Transcript
This transcript was autogenerated. To make changes, submit a PR.
Hey guys, my name is Pradeep Gaddamedi.
I'm a site reliability engineer at a startup called Radar.
So, every day brings new challenges and victories.
And here I'll share my adventure in deploying monitoring and logging
platforms in the cloud without breaking the bank, as budget could be the
constraint for many startups and not everyone can afford paid versions.
so with that, I'm gonna go over my agenda today.
So, I just did my introduction, and I'm gonna, next time I'm
gonna de discuss about, you know, how to deploy the cost effective
monitoring and, logging solutions.
And then I'm gonna talk a little bit about the automation.
And then, you know how I did set up the S-L-A-S-L-O-S-L-I monitoring
dashboards, and I'm gonna discuss my experience with incidents.
you know, in my organization and then, about the toil and,
you know, time constraints and challenges and how I manage them.
So, let's diri dive into it.
So the first thing, you know, and I wanted to discuss is the software.
You know, open source software and the infrastructure we choose for
monitoring and logging infrastructure, or in fact, any other setup.
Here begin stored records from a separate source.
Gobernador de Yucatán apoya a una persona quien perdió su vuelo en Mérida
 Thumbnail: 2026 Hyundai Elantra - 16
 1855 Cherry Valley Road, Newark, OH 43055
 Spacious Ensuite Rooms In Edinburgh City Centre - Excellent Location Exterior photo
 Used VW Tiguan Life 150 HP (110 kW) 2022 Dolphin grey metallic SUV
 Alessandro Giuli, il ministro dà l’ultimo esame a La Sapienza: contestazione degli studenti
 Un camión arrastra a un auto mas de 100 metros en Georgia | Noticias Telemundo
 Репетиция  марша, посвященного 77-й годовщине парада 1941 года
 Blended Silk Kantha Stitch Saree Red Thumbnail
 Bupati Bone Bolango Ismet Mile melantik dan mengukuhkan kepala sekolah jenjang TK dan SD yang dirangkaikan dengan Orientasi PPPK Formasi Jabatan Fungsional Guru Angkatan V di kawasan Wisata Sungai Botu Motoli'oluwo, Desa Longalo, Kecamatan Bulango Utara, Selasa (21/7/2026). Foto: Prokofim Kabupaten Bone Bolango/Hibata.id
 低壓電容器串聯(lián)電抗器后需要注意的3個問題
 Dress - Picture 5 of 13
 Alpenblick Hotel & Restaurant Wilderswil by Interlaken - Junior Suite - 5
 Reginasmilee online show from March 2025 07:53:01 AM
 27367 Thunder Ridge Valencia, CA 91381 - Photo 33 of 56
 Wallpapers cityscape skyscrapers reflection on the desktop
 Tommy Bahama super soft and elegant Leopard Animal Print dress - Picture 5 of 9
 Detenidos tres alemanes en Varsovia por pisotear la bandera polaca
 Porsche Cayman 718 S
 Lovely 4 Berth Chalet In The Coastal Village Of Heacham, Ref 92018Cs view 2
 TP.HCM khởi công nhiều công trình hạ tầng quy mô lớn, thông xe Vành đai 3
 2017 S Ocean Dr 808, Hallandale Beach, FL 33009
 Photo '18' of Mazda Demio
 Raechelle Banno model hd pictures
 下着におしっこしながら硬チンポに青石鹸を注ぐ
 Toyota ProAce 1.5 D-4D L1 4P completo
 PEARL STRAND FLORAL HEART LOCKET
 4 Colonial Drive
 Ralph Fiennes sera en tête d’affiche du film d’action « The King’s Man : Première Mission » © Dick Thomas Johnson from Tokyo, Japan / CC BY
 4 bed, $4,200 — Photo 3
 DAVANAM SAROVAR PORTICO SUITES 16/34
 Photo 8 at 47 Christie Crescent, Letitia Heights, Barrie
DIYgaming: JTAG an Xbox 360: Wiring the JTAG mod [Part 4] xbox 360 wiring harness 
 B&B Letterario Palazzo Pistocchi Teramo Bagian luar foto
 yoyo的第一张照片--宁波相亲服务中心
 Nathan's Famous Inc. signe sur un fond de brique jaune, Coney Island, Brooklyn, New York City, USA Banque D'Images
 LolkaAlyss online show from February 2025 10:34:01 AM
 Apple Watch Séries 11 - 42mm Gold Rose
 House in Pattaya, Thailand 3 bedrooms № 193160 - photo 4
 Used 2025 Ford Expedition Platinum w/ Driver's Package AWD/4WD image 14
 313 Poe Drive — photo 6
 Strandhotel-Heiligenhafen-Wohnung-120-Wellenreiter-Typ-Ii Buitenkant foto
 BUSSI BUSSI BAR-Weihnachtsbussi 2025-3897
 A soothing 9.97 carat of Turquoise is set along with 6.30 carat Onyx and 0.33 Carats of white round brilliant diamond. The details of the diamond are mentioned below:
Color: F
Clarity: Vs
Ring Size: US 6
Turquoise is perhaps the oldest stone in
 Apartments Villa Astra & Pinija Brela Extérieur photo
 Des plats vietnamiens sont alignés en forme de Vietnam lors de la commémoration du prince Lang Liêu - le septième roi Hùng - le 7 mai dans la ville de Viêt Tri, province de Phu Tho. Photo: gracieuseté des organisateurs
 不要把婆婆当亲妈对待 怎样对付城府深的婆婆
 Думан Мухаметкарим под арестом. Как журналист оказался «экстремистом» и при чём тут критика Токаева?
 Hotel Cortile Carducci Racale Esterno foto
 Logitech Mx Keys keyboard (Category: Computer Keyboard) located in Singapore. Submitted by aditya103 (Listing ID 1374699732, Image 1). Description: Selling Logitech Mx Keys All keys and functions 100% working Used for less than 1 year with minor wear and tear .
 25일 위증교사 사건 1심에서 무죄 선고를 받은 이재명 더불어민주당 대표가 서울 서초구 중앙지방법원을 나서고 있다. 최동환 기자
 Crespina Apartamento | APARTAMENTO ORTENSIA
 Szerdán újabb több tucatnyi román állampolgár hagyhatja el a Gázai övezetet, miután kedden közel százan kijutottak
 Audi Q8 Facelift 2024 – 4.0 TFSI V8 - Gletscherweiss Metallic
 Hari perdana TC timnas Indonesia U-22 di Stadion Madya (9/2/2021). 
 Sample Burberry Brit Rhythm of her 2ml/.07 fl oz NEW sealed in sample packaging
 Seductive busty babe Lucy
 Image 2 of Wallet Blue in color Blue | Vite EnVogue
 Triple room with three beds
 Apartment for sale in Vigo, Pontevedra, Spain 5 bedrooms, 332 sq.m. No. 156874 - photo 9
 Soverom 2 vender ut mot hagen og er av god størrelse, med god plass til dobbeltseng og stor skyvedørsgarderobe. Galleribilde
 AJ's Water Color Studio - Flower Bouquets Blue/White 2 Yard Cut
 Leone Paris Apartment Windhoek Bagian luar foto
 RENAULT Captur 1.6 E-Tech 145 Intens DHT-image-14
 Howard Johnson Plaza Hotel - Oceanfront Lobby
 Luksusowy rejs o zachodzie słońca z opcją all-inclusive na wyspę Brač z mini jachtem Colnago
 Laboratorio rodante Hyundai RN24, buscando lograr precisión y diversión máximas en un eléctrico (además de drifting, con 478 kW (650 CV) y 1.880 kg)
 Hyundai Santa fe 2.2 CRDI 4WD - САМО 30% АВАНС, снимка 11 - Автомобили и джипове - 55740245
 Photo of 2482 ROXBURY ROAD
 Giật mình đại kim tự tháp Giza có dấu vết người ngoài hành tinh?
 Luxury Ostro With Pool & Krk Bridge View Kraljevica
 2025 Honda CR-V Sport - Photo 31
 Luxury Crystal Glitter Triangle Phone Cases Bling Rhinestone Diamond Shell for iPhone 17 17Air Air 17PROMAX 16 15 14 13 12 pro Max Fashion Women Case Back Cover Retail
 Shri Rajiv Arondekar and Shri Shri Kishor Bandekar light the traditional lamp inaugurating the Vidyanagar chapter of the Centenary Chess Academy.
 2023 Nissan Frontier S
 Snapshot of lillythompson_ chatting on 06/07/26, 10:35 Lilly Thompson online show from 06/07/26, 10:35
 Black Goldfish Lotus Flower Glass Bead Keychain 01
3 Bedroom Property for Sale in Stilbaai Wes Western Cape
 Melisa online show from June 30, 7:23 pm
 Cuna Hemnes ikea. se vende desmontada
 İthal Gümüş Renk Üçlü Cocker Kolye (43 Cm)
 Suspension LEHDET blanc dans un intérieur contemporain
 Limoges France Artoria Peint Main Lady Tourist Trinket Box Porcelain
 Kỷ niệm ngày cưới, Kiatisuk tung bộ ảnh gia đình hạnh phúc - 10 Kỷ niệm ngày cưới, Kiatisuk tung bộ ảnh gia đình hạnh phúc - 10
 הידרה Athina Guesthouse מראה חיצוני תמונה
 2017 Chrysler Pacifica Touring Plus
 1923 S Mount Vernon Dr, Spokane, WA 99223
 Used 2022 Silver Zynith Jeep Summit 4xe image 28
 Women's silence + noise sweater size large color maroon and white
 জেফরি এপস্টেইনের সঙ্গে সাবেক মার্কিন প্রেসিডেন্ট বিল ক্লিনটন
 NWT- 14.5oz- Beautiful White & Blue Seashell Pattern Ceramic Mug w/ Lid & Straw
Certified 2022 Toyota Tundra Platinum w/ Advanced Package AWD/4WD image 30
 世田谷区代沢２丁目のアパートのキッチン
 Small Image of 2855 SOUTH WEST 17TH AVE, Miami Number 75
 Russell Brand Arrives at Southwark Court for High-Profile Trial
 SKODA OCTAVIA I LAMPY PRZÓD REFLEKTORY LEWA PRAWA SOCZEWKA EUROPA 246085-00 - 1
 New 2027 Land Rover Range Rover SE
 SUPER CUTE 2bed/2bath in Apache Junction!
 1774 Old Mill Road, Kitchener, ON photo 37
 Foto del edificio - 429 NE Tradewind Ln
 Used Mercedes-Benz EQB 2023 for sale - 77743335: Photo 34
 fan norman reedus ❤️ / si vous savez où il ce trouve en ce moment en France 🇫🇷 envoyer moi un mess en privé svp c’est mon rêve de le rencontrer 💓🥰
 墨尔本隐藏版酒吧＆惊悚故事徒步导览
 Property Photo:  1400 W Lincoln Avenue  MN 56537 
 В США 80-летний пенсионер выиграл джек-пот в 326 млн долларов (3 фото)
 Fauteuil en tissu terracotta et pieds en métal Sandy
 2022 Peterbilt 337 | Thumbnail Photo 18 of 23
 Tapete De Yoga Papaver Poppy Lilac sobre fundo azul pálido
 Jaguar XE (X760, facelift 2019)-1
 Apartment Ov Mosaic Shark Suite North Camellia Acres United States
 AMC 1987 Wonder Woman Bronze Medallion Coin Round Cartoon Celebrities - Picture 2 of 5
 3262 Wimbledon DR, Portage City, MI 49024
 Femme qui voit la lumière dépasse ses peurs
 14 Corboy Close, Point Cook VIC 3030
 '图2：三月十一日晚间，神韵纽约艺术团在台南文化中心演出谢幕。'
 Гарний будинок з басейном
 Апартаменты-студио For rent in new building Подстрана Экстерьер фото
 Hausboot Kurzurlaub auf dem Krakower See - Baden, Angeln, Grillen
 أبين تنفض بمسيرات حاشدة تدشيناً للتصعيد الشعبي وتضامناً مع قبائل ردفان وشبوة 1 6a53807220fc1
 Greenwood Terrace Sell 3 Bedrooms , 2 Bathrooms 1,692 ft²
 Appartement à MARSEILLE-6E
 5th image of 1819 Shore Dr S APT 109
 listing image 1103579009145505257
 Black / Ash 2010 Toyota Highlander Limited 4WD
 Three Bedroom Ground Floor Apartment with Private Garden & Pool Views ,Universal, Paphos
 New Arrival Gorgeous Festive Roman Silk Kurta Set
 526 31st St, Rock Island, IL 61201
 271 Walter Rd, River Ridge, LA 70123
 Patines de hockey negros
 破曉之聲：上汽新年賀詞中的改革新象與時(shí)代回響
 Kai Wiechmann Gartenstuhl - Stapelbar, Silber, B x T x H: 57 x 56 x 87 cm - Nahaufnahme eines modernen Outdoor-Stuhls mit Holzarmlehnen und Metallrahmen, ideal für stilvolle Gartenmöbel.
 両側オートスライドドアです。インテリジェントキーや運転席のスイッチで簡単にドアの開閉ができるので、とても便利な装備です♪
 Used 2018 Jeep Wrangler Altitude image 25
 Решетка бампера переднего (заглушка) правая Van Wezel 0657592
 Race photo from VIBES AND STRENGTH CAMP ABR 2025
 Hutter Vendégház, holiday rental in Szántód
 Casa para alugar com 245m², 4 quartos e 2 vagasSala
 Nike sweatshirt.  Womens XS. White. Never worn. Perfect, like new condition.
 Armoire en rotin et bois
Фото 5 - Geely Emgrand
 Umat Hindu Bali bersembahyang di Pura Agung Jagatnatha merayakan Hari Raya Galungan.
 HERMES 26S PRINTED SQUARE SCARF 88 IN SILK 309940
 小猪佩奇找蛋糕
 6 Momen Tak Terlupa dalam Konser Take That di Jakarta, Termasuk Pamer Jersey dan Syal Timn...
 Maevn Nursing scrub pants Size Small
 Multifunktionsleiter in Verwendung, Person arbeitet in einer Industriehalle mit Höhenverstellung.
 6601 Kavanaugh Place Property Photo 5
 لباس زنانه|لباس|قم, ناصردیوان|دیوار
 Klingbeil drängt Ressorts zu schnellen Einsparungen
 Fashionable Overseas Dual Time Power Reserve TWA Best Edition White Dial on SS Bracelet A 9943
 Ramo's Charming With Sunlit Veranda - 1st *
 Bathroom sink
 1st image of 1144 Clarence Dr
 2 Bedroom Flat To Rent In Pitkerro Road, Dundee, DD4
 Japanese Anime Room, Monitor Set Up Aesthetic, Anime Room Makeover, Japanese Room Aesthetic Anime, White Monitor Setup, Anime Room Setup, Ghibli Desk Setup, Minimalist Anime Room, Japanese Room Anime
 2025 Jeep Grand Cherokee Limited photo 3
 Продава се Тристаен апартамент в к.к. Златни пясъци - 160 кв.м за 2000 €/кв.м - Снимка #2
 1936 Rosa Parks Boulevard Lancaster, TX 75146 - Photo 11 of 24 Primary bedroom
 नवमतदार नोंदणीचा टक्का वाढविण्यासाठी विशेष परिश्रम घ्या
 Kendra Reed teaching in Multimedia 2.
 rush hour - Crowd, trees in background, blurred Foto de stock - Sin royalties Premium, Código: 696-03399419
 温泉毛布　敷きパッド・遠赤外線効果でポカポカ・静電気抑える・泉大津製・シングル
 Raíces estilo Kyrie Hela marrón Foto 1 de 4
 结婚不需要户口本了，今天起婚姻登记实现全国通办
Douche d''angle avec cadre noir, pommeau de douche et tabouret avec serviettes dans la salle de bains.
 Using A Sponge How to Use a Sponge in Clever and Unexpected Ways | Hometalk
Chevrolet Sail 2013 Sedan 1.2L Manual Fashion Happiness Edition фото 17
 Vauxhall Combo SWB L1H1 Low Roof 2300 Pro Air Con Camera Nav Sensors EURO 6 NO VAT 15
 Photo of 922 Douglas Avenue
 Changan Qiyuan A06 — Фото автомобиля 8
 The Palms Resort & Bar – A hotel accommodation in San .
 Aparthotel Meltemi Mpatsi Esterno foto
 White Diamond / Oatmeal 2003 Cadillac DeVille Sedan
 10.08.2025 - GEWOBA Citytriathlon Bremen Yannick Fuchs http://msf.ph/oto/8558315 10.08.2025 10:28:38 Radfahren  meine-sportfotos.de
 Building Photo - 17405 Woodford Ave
So, especially when your company or the startup which you're working for
is a budget constraint, obviously you want to choose, you're compelled
to choose the open source version.
So the main important, You know criteria we need to keep in mind is always research
a lot before we actually choose this software and also check mark all the
requirements which your organization needed that and then then choose
the software Let me take an example.
So I did choose elastic search For logging and I did set up elastic search
on virtual machines and everything went fine You there was, there
were some problems I encountered.
So, I cannot send Slack alerts from Elasticsearch because
only paid version, allows it.
So, since I was using open source, I can't send Slack alerts.
So, I have to, you know, use a workaround for that.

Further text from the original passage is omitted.